▸ **What is being asked**: Copy word for word, please, the lines of the entries below running from the one containing "The Martyrdom Of St Sebastian 2" to the one containing "Travis Mathew golf polo", both ends included.

▸ **Dataset excerpts**:
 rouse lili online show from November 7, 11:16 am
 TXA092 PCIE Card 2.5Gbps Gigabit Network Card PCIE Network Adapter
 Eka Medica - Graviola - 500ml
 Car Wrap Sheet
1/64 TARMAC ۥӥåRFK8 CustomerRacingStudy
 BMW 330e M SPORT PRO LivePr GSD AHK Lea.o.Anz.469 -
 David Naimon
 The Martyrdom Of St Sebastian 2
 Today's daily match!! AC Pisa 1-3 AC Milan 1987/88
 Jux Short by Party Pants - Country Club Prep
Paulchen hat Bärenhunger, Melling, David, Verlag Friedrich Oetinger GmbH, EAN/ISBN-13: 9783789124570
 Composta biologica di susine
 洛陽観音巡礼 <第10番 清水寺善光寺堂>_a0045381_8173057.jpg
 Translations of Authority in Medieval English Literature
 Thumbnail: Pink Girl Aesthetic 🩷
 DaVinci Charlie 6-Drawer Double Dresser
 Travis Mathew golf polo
---
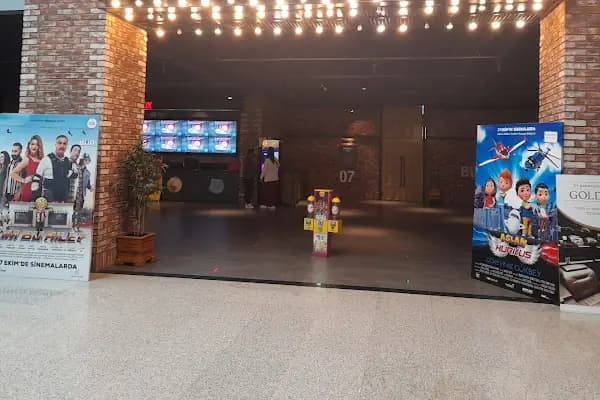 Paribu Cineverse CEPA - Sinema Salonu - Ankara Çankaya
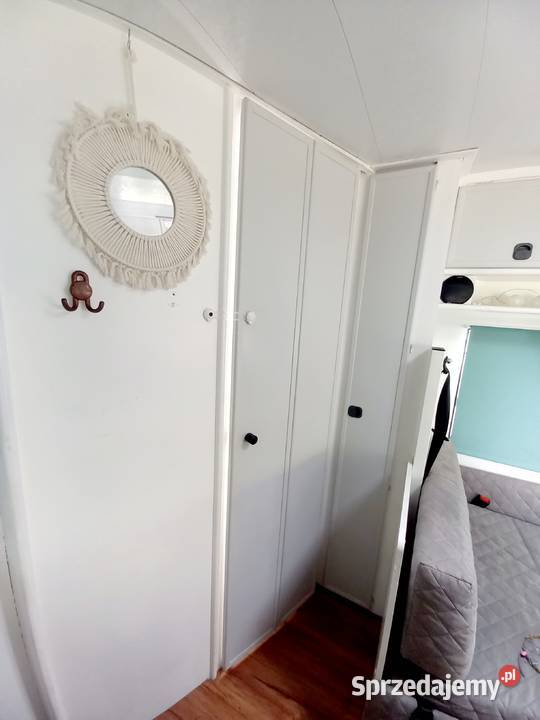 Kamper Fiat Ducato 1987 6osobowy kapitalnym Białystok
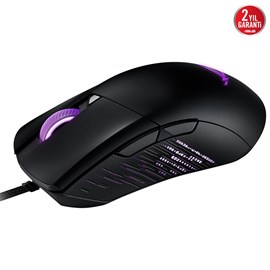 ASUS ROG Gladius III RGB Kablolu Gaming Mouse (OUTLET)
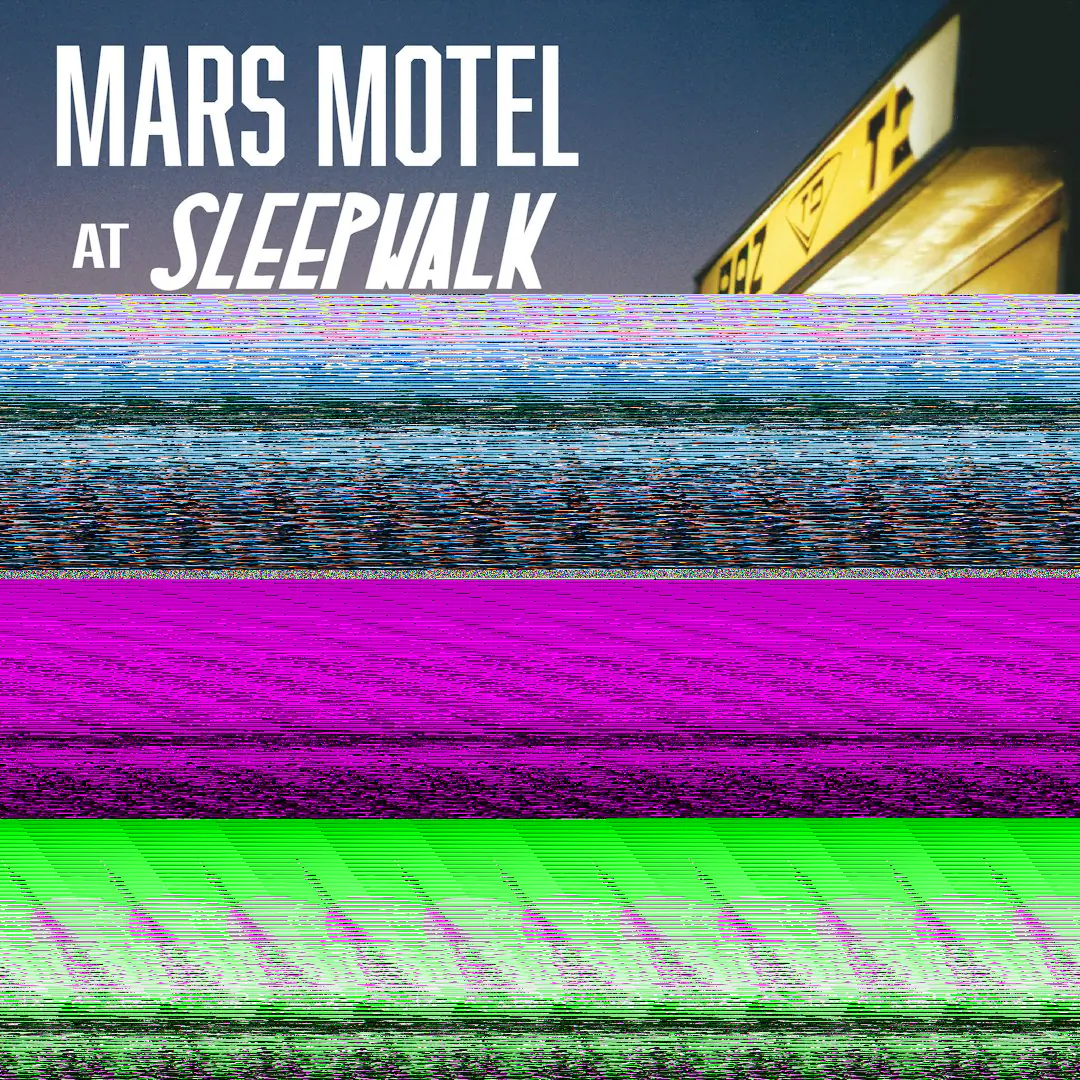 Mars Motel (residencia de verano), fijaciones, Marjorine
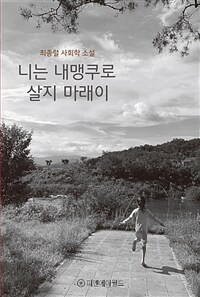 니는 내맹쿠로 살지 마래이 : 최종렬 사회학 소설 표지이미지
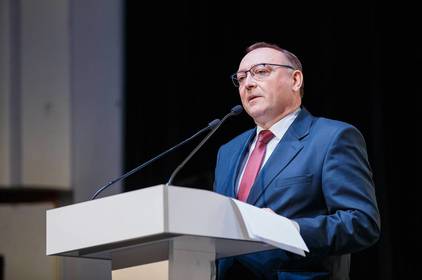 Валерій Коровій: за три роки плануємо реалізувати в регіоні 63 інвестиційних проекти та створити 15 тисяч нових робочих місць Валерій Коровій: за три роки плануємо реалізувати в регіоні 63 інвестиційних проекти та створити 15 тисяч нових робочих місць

▸ **Task solution**:
 The Martyrdom Of St Sebastian 2
 Today's daily match!! AC Pisa 1-3 AC Milan 1987/88
 Jux Short by Party Pants - Country Club Prep
Paulchen hat Bärenhunger, Melling, David, Verlag Friedrich Oetinger GmbH, EAN/ISBN-13: 9783789124570
 Composta biologica di susine
 洛陽観音巡礼 <第10番 清水寺善光寺堂>_a0045381_8173057.jpg
 Translations of Authority in Medieval English Literature
 Thumbnail: Pink Girl Aesthetic 🩷
 DaVinci Charlie 6-Drawer Double Dresser
 Travis Mathew golf polo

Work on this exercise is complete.